API latency

Incident Report for Robin

Postmortem

Summary

Between the hours of 19:00 UTC - 20:00 UTC our API experienced high latency for response times which had affected all clients on the platform. The latency was caused by an inefficient query in our calendar syncing operations which caused our database to exhaust its resources.

At 19:05 UTC a rollback was issued for the previous deployment to quickly mitigate the issue. The database did not fully recover until 20:00 UTC when some of the remaining problem queries were flushed out.

Investigation

By 19:05 UTC our engineering team was notified through platform monitoring of latency issues that were affecting all customers. The problem query was quickly found after the rollback and discovered running in the database at 19:15 UTC.

Remediation

The API issued a deployment rollback to initially revert the inefficient query. Calendar syncing was temporarily halted at 19:15 UTC to take load off of the primary database. Lingering problem queries were identified and killed off in production to free up the database's resources by 19:45 UTC. Syncing was reenabled at 20:00 UTC and completely caught back up at 21:30 UTC.
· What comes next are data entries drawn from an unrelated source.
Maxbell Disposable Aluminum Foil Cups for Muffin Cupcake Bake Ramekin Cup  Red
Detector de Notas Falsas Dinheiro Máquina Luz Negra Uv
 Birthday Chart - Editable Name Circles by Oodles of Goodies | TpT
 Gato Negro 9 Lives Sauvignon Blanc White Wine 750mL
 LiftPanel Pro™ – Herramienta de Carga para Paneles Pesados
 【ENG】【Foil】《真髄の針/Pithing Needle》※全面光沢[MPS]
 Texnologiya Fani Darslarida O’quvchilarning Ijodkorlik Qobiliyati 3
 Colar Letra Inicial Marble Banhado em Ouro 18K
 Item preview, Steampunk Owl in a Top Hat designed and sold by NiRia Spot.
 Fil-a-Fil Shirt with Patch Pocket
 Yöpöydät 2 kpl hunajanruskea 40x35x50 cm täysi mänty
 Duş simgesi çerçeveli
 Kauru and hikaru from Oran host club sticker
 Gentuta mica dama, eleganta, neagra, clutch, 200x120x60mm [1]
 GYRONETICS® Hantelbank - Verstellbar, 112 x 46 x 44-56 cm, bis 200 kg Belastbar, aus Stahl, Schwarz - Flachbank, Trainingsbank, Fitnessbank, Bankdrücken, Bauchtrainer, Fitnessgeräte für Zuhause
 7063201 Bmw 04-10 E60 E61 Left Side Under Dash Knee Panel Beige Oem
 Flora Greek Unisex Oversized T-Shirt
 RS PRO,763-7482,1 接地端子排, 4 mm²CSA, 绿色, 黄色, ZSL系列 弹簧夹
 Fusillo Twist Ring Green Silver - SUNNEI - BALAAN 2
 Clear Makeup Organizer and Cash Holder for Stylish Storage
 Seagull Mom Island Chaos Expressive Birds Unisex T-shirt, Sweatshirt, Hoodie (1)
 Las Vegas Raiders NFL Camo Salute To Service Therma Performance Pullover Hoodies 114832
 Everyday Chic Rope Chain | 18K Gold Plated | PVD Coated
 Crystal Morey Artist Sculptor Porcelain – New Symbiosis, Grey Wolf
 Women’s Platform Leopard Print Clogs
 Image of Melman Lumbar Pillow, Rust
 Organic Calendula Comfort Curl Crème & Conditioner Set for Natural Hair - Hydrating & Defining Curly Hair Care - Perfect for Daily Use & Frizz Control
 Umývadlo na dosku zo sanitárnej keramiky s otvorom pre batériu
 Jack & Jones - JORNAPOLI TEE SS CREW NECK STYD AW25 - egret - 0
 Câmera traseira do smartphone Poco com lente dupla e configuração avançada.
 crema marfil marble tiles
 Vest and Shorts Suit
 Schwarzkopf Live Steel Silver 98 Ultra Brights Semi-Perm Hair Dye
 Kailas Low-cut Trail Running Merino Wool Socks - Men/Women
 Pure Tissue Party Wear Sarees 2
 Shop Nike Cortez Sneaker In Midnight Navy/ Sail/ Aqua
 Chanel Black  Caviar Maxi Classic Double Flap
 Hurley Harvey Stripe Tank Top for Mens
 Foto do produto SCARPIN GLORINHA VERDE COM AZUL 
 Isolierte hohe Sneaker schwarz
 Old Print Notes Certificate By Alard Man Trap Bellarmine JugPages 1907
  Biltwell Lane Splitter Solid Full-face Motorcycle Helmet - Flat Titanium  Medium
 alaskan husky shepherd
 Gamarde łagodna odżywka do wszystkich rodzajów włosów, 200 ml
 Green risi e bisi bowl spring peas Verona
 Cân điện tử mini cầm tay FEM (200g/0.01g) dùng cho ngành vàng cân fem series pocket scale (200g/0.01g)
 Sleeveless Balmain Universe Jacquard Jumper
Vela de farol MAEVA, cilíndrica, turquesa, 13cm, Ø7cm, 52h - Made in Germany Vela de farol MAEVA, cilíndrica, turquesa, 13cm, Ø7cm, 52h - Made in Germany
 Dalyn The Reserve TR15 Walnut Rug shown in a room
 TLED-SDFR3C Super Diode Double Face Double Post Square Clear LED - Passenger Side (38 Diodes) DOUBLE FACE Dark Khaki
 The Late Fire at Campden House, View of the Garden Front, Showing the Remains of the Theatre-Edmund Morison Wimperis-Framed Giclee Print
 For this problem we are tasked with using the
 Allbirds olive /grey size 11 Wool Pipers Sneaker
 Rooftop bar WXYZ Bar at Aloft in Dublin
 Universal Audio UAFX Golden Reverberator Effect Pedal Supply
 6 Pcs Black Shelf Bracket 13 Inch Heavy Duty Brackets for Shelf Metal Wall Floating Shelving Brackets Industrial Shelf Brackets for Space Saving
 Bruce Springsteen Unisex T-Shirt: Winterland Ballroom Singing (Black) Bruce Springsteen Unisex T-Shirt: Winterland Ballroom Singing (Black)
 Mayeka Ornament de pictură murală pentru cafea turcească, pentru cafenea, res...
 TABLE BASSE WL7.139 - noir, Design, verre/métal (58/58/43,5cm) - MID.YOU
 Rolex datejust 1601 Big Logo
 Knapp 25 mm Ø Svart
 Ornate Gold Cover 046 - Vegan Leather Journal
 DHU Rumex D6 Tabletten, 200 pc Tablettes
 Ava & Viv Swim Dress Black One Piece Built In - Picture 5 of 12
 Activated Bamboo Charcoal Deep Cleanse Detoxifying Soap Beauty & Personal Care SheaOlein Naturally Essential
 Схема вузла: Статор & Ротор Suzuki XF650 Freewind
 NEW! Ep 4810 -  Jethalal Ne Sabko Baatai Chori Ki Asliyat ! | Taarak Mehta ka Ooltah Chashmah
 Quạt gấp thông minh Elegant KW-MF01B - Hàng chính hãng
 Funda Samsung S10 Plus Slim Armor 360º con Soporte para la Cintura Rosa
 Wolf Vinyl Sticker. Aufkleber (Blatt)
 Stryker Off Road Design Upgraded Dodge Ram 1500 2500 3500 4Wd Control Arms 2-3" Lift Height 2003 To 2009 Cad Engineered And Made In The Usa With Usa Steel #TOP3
In order to prevent similar issues in the future, we are introducing tools and testing to catch inefficient queries before they can be deployed to production environments. Additionally we are making configuration changes to the database and platform that will drastically decrease recovery time in the future.

Posted Jan 23, 2020 - 14:46 EST

Resolved

This incident has been resolved.

Posted Jan 22, 2020 - 17:27 EST

Monitoring

A fix has been implemented. Calendar Syncing will be delayed as we work through the backlog.

Posted Jan 22, 2020 - 14:59 EST

Update

We are continuing to investigate this issue.

Posted Jan 22, 2020 - 14:30 EST

Investigating

We're investigating elevated latency in our API.

Posted Jan 22, 2020 - 14:16 EST

This incident affected: Platform (API) and Calendar Syncing (Syncing Service).